New Zealand Quake Toll Rises as Hope Fades for Survivors

By Adrian Bathgate | February 25, 2011

Rescuers extended their search on Friday to shattered houses close to the epicenter of Christchurch’s deadly earthquake, but rain and cold dimmed hopes of finding more survivors of New Zealand’s worst disaster in decades.

The arrival of teams from Britain and the United States, who joined rescuers from Japan, Taiwan and Australia, allowed the difficult search to push into beachside areas hardest hit by Tuesday’s 6.3 tremor in the country’s second-biggest city.

In the community of Mount Pleasant, where the shallow quake opened huge cracks in hillsides and sent car-size boulders thundering down on homes, a small number of people had set up a makeshift tent city in a school.

“They’ve fled to the four corners of the compass,” shouted one unnamed man, gesturing to empty streets in what had become a virtual ghost town of shattered houses and twisted streets.

The disaster has so far claimed 113 lives, and authorities warned that toll was set to climb sharply in coming days with grave fears for more than 200 people still missing.

Fears of a disease outbreak from contaminated water and broken sewage services forced the closure of an emergency centre and relocation of more than 100 people to another center outside the city of 400,000, where a night curfew remains in place.

Many of the missing were students who had come to the city, one of New Zealand’s most attractive, from Japan, China, Taiwan and India to learn English against a backdrop of the country’s dramatic Southern Alps.

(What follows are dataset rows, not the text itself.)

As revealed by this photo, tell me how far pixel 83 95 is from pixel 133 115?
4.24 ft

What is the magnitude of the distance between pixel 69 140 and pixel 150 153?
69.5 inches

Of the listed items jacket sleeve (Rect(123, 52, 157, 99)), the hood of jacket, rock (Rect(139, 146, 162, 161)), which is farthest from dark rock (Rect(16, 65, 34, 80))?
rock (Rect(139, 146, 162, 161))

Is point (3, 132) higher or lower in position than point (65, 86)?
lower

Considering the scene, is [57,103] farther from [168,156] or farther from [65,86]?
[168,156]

“For those people in those far off places, your families are our families, your children are our children,” Christchurch Mayor Bob Parker said in a message to their families overseas, promising searchers would not abandon hope.

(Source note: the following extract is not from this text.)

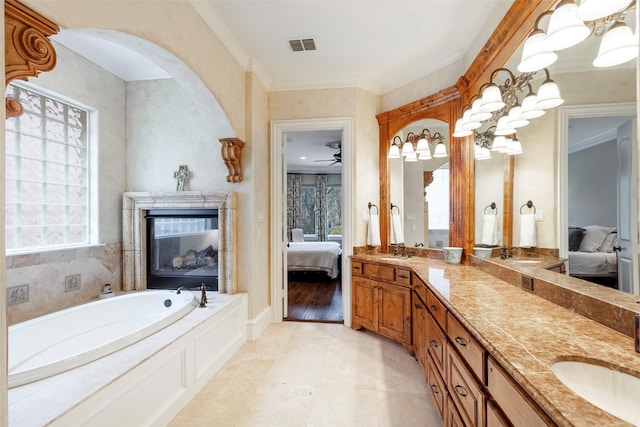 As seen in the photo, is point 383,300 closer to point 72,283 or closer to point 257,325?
point 257,325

Tales were emerging of daring rescues, with doctors in the depths of one collapsed building having to use a Swiss Army knife to amputate one man’s legs to free him.

“There wasn’t really any other option. Essentially the procedure was performed with a Swiss Army knife. I know that sounds terrible, but that’s all we had,” doctor Stuart Philip told the Dominion Post newspaper.

Rescuers pulled aside massive stone blocks and 13 one-ton church bells from the toppled spire of the landmark Christchurch Cathedral in the city heart, where as many as 22 bodies could now be trapped in a square popular with tourists.

“We’re having to move extremely slowly, we’re working brick by brick. There are a lot of loved ones in here that we want to get out,” rescue worker Steve Culhane told Reuters.

Police said 228 people were listed as missing. The list could include many people whose bodies have been found but yet to be identified. More than 2,500 were injured in the quake, and more than 160 of them seriously.

Thousands of survivors queued for food, water, and cash handouts from the government meant to help them survive, but police said there was no need to stockpile petrol or supplies.

Economic Impact

More than half of the dead have come from the ruin of the former Canterbury Television (CTV) building, which housed a popular English language school. Around 65 people, including many missing Japanese and Chinese students, are believed to be still inside, caught as floors pancaked down on to one another.

“We’ll keep searching until such time as we have satisfied ourselves beyond all possible doubt that there is no-one left still to rescue in terms of an active find,” said fire rescue chief Jim Stuart Black.

An estimated 70 people have been rescued alive, but the last survivor was pulled out on Wednesday mid-afternoon.

Ratings agency Standard & Poor’s backed New Zealand’s ability to withstand the massive economic impact of the quake, saying the country’s ‘AA+’ foreign rating with a negative outlook was secure.

Early estimates of insurance losses have ranged between $3 billion and $12 billion. Prime Minister John Key said the country’s Earthquake Commission (EQC) disaster fund stood at around NZ$6 billion before the quake, with reinsurance in place and further government backing as needed.

Earthquake recovery minister Gerry Brownlee, a local member of parliament, said costing the quake was guesswork.

“I would expect that this will go beyond NZ$10 billion ($7.5 billion), and the figure will be somewhat north of that,” he told reporters.